* **Exercise directions**
Nothing but a number should be given: how many lines in the entries below include the string "Shoulder".

* **Data extracted from a collection**
------------------------------------------------

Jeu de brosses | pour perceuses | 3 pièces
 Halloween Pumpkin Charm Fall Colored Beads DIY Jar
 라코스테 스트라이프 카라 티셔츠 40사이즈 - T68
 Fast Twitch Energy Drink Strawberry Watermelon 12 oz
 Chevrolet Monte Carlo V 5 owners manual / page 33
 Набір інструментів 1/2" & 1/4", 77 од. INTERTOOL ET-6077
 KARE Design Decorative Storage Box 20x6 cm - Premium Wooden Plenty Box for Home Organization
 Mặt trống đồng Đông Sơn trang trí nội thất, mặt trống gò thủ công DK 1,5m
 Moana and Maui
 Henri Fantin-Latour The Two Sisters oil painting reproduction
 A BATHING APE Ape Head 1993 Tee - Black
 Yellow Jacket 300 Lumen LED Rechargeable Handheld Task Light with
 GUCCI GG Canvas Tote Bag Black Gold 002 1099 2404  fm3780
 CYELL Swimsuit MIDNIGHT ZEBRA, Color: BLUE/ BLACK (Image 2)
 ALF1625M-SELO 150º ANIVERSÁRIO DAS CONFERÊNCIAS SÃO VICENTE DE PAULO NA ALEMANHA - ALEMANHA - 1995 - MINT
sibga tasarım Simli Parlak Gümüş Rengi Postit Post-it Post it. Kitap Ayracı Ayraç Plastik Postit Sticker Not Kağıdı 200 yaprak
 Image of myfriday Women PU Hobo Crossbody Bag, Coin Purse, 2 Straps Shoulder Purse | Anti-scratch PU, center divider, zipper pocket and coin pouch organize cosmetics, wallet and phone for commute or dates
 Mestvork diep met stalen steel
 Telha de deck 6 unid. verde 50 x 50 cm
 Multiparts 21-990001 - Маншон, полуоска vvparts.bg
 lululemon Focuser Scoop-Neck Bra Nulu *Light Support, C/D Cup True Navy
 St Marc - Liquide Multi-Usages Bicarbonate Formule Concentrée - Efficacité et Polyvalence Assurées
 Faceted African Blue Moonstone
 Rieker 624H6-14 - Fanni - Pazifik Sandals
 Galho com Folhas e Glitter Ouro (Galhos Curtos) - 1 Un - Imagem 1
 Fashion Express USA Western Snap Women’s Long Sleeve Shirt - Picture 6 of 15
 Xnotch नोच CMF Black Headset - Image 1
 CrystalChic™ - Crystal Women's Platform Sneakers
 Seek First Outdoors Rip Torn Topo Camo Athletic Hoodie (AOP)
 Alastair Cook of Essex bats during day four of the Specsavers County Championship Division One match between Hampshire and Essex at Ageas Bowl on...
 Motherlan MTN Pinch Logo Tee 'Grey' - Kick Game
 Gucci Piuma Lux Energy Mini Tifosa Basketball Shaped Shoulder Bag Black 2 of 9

------------------------------------------------

* **Response to the task**
2